Soziologinnen und Soziologen nennen alle Personen, die maßgeblich zu ihrer Forschung und zu ihren Publikationen beigetragen haben. Die Ansprüche auf Autorenschaft und die Reihenfolge der Autoren/innen sollen deren Beteiligung am Forschungsprozeß und an der Veröffentlichung abbilden.
Daten und Materialien, die wörtlich oder sinngemäß von einer veröffentlichten oder unveröffentlichten Arbeit anderer übernommen wurden, müssen kenntlich gemacht und ihren Urheber/innen zugeschrieben werden. Verweise auf Gedanken, die in Arbeiten anderer entwickelt wurden, dürfen nicht wissentlich unterlassen werden.
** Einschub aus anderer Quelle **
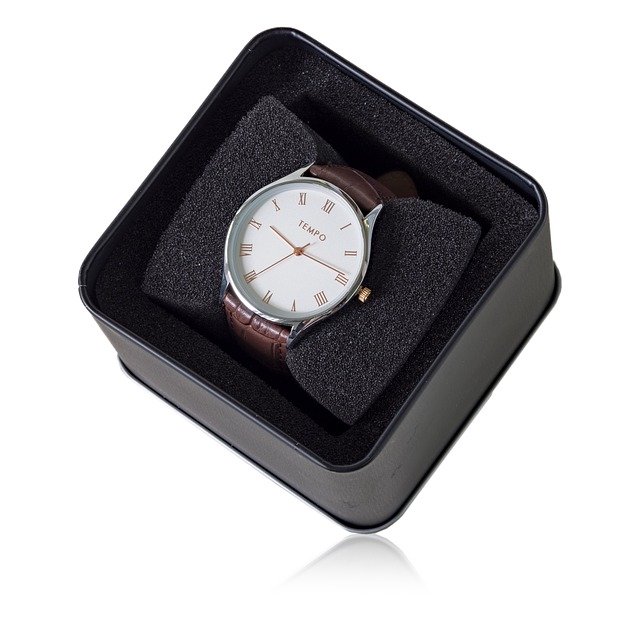 Free download Gents Tempo Quartz Dress Watch -  free photo or picture to be edited with GIMP online image editor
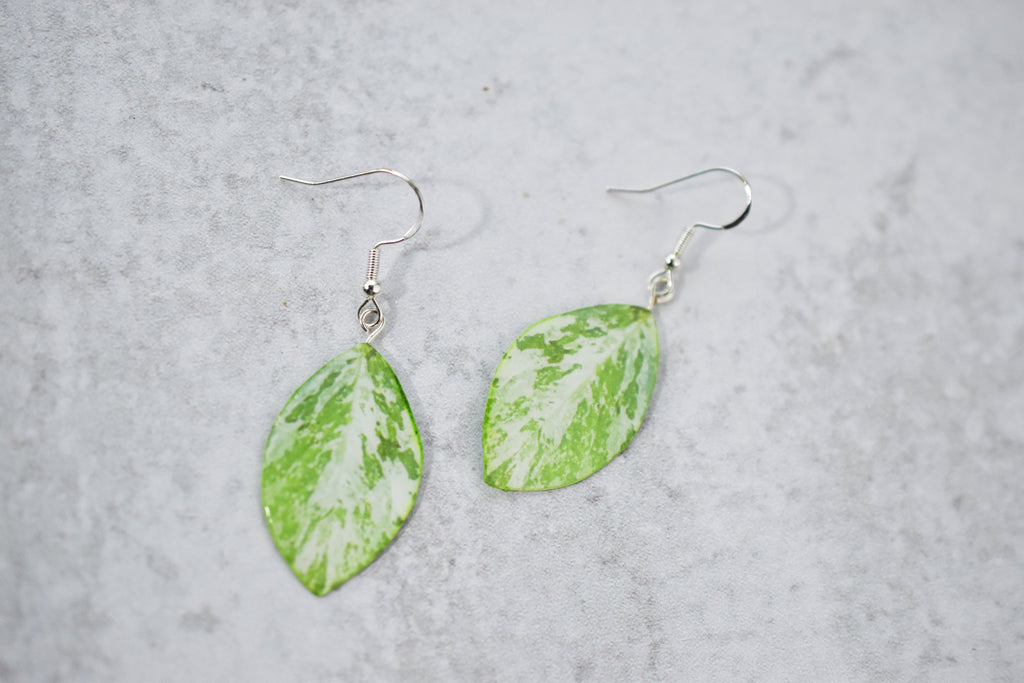 Variegated Persicaria Virginiana "Jumpseed" Plant Earrings | Leaf Earrings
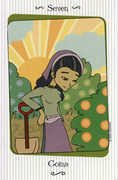 Seven of Coins Tarot card in Vanessa deck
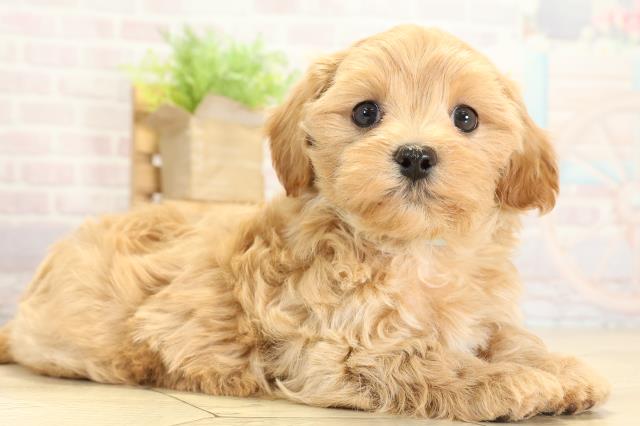 静岡県のハーフ犬・ミックス犬 (Coo&RIKU藤枝店/2025年10月28日生まれ/男の子/アプリコット)の子犬の2枚目の画像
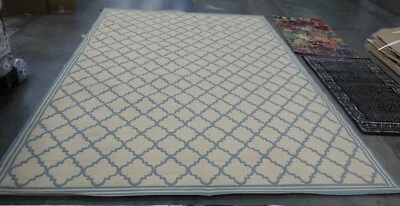 Alfombra CREMA/AQUA 9' X 12' Roscas Sueltas Precio Reducido 1172604140 LND121L-9 Foto 1 de 4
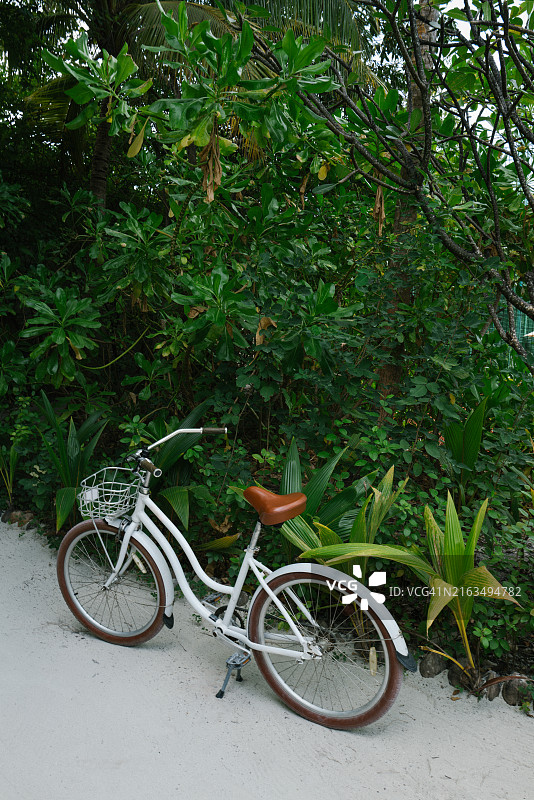 停放在热带度假区沙滩小路上的白色复古自行车图片素材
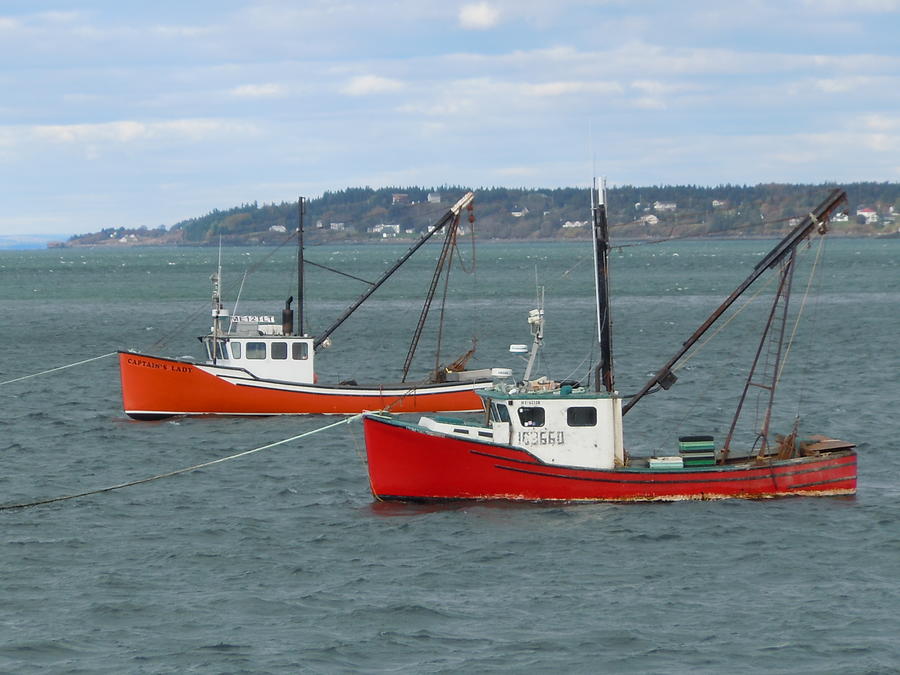 Lubec Lobster Boats Photograph by Francine Frank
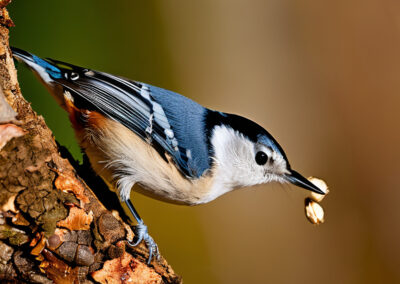 White-breasted Nuthatch diet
Generell gilt für die Beteiligung an sozialwissenschaftlichen Untersuchungen, dass diese freiwillig ist und auf der Grundlage einer möglichst ausführlichen Information über Ziele und Methoden des entsprechenden Forschungsvorhabens erfolgt. Nicht immer kann das Prinzip der informierten Einwilligung in die Praxis umgesetzt werden, z.B. wenn durch eine umfassende Vorabinformation die Forschungsergebnisse in nicht vertretbarer Weise verzerrt würden. In solchen Fällen muß versucht werden, andere Möglichkeiten der informierten Einwilligung zu nutzen.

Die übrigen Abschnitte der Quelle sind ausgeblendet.